Records from a dataset:
--- --- ---

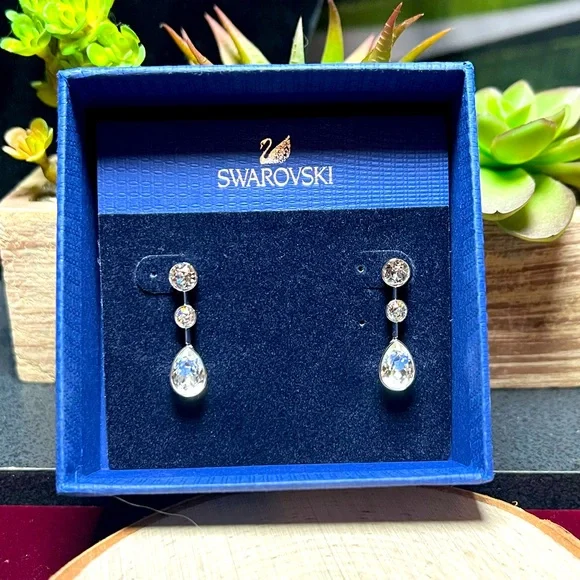 NWT Swarovski Crystal Earrings ✨ - Picture 1 of 4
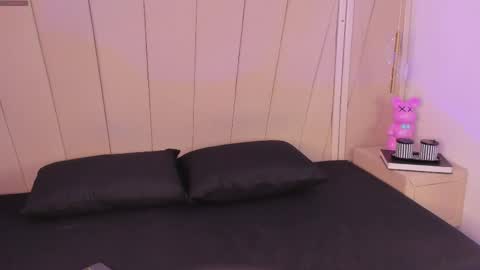 eva_kingsford online show from 05/21/26, 11:39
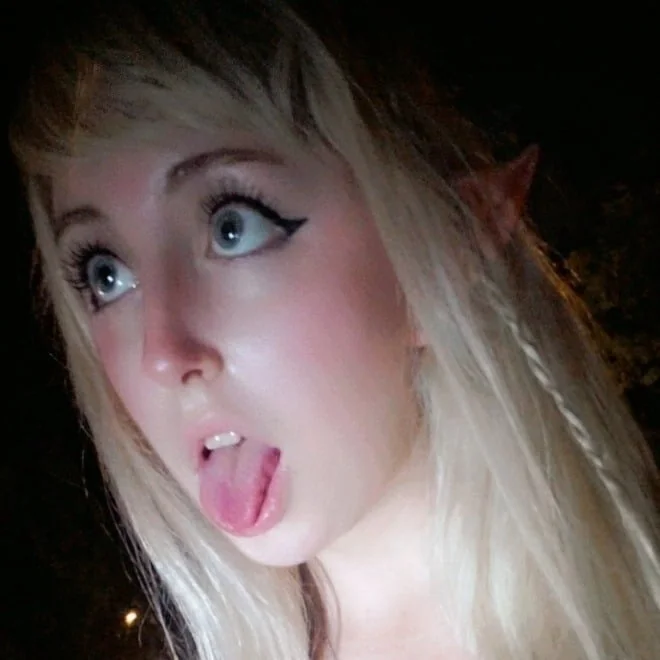 Moonirl profile photo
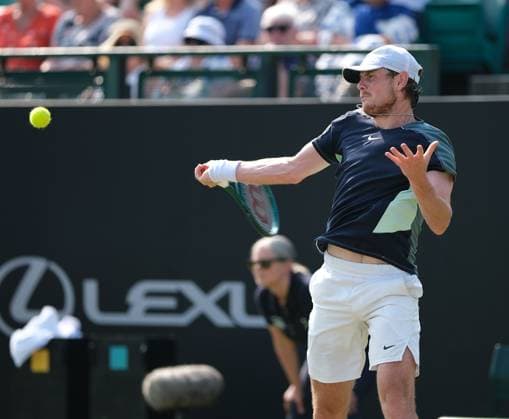 Nottingham Tennis Centre Nottingham, England - Jack Pinnington Jones plays a forehand shot to Emilio Nava during the match in the Lexus Nottingham Tennis Open, day 3, June 17th 2025. (Paul Bonser SPP) Copyright: xPaulxBonser SPPx spp-en-PaBo-Lexus Nottingham Open 6052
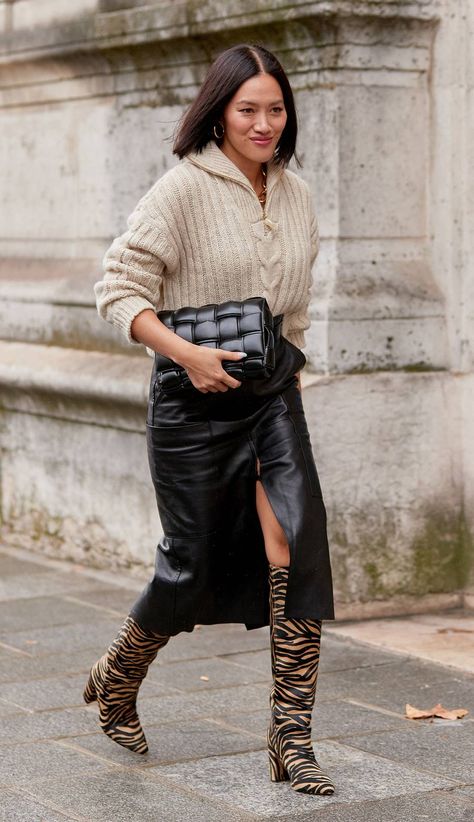 Zebra Boots, Recreating Outfits, Italian Street, Holy Chic, Giovanna Battaglia, Simple Fall Outfits, Anna Dello Russo, Plain Outfits, Minimalistic Style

--- --- ---

**EXERCISE PROMPT**
If an entry above holds a picture, leave that picture out and print the rest exactly.

**ANSWER TO THE PROBLEM**
 NWT Swarovski Crystal Earrings ✨ - Picture 1 of 4
 eva_kingsford online show from 05/21/26, 11:39
 Moonirl profile photo
 Nottingham Tennis Centre Nottingham, England - Jack Pinnington Jones plays a forehand shot to Emilio Nava during the match in the Lexus Nottingham Tennis Open, day 3, June 17th 2025. (Paul Bonser SPP) Copyright: xPaulxBonser SPPx spp-en-PaBo-Lexus Nottingham Open 6052
 Zebra Boots, Recreating Outfits, Italian Street, Holy Chic, Giovanna Battaglia, Simple Fall Outfits, Anna Dello Russo, Plain Outfits, Minimalistic Style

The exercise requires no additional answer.